**Directions for this task**: The lines below from the one with "Size:Qianlong red glass" up to and including the one with "Armadio a due" are what you should set down, exactly and without pictures.

**Data listing**:
================
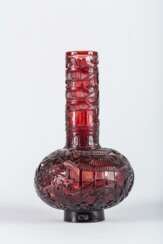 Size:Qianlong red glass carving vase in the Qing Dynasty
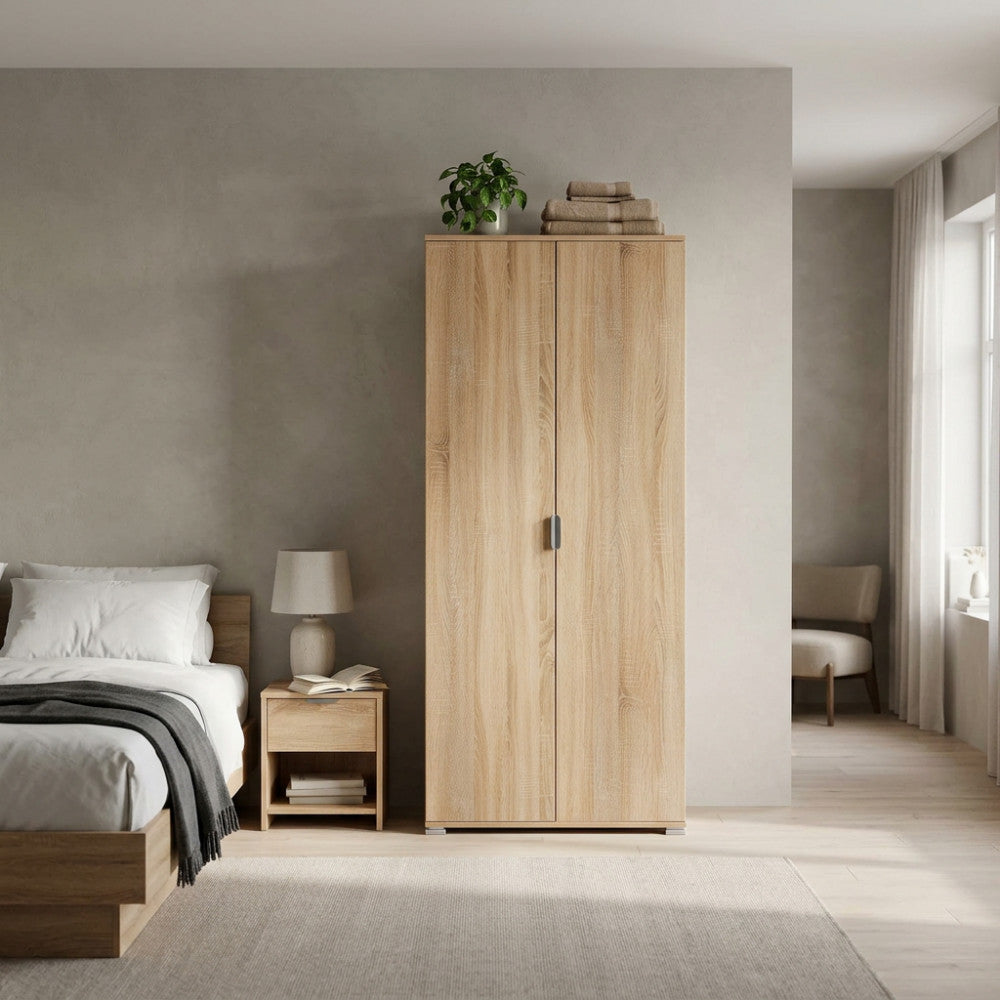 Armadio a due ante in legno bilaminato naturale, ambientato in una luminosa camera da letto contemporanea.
================
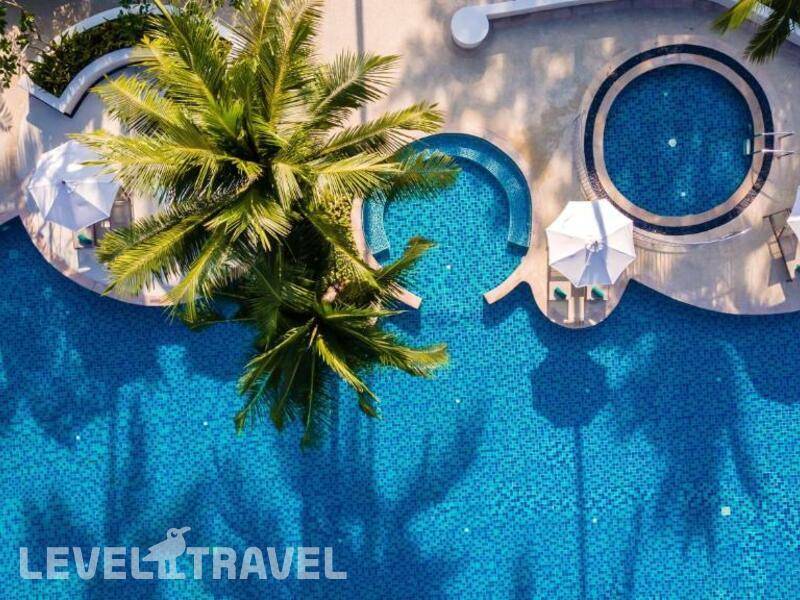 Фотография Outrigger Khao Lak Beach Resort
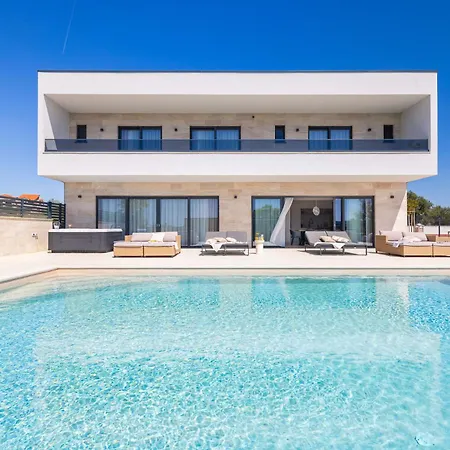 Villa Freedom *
================
**Response**:
 Size:Qianlong red glass carving vase in the Qing Dynasty
 Armadio a due ante in legno bilaminato naturale, ambientato in una luminosa camera da letto contemporanea.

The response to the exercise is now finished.